In covertly supplying the weapons, Dündar writes, “MİT was undertaking a mission it was not legally empowered to do and, by supplying weapons for a neighboring country’s civil war, was committing a crime. A crime that might have been in the government’s interest to conceal, and a journalist’s duty to expose.” Ankara
has tried to draw analogies with the cases of Edward Snowden or Julian Assange. But Cumhuriyet did not hack the government system and steal classified information; it simply published evidence that was present in a legal investigation.
Originally published in Turkish, “We Are Arrested” is a snappy account of Dündar’s ordeal, “planned during long sessions of exercise, staring at the panorama of yellow walls, on the iron bed of the upper bunk in the cell and right next to the radiator on the lower.” The author has a cheerful demeanor, refusing to bow to pessimism. “When you’re inside, it’s only joy that will cure you, not sorrow. Your pain is alleviated through the happiness of your loved ones. Your jailer knows by your laughter that he can’t vanquish you. This is the triumph of life,” he writes.
That quotation hints at the self-congratulatory tone of parts of the book. “Might didn’t always make you right, but being right always made you mighty. We would derive our might from being right, and walk on, resolute, courageous,” Dündar writes with a striking lack of self-awareness. “I drew on George Orwell’s moral support: ‘In a time of universal deceit, telling the truth is a revolutionary act.’” In one painful metaphor, he uses the image of Sisyphus rolling a gigantic boulder of “truth” up a hill.
The most interesting sections are when Dündar describes how he became a kind of “one-man PR company” while in jail, trying to make as much noise as possible in multiple languages about shrinking freedoms in “the semi-open prison” that is Turkey. “I founded a public relations office whose entire inventory consisted of a plastic desk, a plastic chair, a pen and a wad of paper,” he writes. “I tried to make my voice heard with a letter, column, statement or message to every single visitor, every demonstration and every newspaper. I was like an accident victim who was desperate to be heard from the bottom of the well he’d fallen into.”

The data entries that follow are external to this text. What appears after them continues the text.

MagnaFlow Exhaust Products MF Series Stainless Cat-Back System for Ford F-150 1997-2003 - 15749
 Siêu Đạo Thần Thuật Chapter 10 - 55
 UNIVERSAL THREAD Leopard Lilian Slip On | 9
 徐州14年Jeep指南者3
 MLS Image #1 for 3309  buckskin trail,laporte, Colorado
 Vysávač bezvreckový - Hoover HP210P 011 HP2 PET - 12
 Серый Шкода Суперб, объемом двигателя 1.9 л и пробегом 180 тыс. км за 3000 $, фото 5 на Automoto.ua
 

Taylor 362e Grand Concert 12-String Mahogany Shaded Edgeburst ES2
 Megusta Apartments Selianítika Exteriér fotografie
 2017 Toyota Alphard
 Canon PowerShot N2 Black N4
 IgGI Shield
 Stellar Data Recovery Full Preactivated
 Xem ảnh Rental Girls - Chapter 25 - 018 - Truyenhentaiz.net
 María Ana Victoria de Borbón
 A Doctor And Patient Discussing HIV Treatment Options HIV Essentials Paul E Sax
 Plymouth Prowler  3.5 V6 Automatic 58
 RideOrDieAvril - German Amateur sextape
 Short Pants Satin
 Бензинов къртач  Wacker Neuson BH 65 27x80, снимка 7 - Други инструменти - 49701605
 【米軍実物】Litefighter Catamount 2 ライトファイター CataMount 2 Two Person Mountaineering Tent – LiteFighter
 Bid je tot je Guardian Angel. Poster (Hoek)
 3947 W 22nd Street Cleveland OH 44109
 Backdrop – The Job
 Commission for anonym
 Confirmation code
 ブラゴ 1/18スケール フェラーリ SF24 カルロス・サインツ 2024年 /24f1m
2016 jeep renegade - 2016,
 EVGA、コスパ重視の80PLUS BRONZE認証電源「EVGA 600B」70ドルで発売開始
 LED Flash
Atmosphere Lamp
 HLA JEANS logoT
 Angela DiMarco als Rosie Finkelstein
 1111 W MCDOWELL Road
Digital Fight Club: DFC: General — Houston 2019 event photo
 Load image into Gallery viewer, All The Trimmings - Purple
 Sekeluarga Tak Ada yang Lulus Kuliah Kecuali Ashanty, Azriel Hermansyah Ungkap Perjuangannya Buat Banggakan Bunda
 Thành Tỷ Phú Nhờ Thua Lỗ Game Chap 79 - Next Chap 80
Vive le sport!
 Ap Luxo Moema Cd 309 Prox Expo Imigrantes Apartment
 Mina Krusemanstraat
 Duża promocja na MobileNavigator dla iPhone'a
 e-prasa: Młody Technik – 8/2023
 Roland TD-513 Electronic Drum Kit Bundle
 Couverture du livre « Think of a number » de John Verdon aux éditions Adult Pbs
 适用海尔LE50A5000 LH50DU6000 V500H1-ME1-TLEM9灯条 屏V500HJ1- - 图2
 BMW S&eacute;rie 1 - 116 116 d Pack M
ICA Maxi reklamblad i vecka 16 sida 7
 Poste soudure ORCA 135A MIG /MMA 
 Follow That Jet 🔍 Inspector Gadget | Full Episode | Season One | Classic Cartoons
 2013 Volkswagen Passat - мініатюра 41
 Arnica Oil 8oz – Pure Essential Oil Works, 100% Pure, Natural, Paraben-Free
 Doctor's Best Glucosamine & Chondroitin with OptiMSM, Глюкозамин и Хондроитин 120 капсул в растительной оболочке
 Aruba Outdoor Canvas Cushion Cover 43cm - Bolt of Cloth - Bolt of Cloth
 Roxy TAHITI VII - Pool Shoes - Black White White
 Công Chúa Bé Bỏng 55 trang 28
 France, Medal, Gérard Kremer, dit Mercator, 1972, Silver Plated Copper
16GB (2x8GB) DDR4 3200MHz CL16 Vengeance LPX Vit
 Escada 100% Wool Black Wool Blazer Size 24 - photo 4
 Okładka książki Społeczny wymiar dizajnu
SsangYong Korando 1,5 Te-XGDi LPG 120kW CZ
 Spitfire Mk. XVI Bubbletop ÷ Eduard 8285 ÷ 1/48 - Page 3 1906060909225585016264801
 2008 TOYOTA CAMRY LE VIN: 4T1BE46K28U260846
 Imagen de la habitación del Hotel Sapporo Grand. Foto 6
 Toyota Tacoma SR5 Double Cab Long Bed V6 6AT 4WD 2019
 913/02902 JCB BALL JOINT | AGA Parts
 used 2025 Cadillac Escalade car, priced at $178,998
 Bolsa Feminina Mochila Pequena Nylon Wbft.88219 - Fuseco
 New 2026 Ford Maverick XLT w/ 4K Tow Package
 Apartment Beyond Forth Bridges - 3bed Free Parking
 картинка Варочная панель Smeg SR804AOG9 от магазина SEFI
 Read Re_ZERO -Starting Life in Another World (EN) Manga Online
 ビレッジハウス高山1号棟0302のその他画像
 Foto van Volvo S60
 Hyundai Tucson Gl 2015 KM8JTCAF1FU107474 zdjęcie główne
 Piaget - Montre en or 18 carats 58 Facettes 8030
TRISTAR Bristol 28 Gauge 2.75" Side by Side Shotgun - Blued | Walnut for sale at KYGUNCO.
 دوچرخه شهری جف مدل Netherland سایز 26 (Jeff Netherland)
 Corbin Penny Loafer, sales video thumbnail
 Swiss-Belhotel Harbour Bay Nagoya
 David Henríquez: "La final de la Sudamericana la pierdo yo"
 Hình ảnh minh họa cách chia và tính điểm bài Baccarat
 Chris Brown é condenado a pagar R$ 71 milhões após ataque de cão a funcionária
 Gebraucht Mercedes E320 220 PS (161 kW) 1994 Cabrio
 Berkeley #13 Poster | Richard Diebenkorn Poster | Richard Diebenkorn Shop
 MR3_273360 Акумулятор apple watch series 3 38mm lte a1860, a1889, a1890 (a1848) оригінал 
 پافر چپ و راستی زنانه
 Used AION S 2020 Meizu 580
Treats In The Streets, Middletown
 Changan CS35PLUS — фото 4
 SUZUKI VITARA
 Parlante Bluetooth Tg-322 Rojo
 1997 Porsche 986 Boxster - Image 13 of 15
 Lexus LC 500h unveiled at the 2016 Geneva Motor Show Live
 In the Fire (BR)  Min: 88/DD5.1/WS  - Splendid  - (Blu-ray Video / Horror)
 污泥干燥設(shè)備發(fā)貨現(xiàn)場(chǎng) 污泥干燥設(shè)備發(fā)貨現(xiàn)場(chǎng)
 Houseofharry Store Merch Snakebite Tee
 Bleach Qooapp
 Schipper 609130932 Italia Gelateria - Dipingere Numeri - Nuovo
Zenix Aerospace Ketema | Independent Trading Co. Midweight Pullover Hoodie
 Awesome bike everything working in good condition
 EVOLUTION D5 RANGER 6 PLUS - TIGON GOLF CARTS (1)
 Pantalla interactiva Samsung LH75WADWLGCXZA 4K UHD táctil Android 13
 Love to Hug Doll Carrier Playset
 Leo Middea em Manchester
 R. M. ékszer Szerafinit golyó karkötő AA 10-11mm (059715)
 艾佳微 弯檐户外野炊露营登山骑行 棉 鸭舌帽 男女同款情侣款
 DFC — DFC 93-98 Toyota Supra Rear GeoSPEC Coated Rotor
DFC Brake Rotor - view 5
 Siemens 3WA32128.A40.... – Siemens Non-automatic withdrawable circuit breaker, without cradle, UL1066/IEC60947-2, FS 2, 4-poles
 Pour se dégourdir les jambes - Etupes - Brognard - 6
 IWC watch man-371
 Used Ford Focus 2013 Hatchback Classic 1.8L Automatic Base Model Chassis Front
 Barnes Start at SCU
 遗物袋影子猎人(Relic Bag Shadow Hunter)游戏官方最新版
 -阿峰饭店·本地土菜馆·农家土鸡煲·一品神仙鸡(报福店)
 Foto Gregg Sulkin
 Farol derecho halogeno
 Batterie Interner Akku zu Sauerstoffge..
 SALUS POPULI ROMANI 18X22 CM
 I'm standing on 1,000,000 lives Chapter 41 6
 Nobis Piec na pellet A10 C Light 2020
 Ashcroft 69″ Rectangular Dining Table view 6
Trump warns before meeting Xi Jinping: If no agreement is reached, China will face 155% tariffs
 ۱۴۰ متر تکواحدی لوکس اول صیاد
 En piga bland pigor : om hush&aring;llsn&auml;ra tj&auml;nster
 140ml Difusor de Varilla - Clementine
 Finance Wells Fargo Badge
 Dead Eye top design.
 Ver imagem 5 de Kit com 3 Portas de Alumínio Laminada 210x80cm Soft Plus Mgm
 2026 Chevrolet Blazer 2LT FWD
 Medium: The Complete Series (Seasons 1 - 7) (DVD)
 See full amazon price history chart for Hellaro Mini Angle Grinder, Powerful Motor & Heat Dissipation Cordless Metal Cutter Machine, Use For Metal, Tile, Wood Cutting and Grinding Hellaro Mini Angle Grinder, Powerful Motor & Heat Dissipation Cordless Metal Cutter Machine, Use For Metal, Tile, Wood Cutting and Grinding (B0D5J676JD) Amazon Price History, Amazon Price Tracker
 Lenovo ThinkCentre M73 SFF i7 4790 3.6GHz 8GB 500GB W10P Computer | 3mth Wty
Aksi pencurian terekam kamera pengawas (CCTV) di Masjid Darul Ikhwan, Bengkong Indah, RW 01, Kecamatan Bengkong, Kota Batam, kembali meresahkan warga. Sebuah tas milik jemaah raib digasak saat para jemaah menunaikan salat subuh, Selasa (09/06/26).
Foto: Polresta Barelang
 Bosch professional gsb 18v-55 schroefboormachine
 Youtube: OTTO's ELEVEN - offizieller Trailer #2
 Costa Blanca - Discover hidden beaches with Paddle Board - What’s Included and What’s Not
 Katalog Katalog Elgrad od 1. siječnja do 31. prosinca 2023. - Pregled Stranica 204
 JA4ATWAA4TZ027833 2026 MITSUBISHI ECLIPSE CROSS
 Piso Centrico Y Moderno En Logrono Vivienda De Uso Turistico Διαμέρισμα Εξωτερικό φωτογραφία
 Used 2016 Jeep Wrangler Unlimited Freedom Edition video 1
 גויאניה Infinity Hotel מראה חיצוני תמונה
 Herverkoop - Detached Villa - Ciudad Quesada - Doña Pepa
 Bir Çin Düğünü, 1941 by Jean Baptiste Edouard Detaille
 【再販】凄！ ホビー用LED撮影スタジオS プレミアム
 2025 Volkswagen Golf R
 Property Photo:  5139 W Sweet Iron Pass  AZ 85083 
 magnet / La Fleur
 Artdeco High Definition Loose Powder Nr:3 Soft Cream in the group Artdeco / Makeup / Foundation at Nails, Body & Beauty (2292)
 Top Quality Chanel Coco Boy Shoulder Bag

Dündar certainly succeeded in attracting attention overseas. He regularly appears in international media writing about his case and the deteriorating situation in Turkey, receiving awards from various press freedom groups. Sadly, this is easily exploited by Turkey's populist nationalistic government, which complains that critics are slandering the country to hostile foreign powers. Dündar has been denounced in the pro-government press as a “traitor” and “foreign agent,” while Cumhuriyet is accused of being a pawn of shady U.S.-based Islamic preacher Fethullah Gülen, said to have masterminded the July 2016 military coup attempt. Dündar was sentenced to five years and ten months in jail in May 2016 but was allowed to go free pending an appeal. He has since moved to Germany and set up a new news website
there (already blocked in Turkey
), which of course only opens him up to more dark conspiracy theories.
Dündar refers to jail as a kind of rite of passage. “Just as ‘you ain’t marrying my daughter unless you’ve done your national service,’ ‘you ain’t calling yourself a writer unless you’ve done your bit behind bars,’” he writes. The walls of prison “[ring] with the voices, traces and words of the greatest masters of these lands.” Notoriously, in the aftermath of last year’s coup attempt Turkey has once again become the world’s leading jailer of journalists. “We Are Arrested” is a vivid window into a wretched episode.* A version of this review was previously published in the Times Literary Supplement. Follow the Turkey Book Talk podcast via Twitter, iTunes, Stitcher, Podbean, Acast, or Facebook.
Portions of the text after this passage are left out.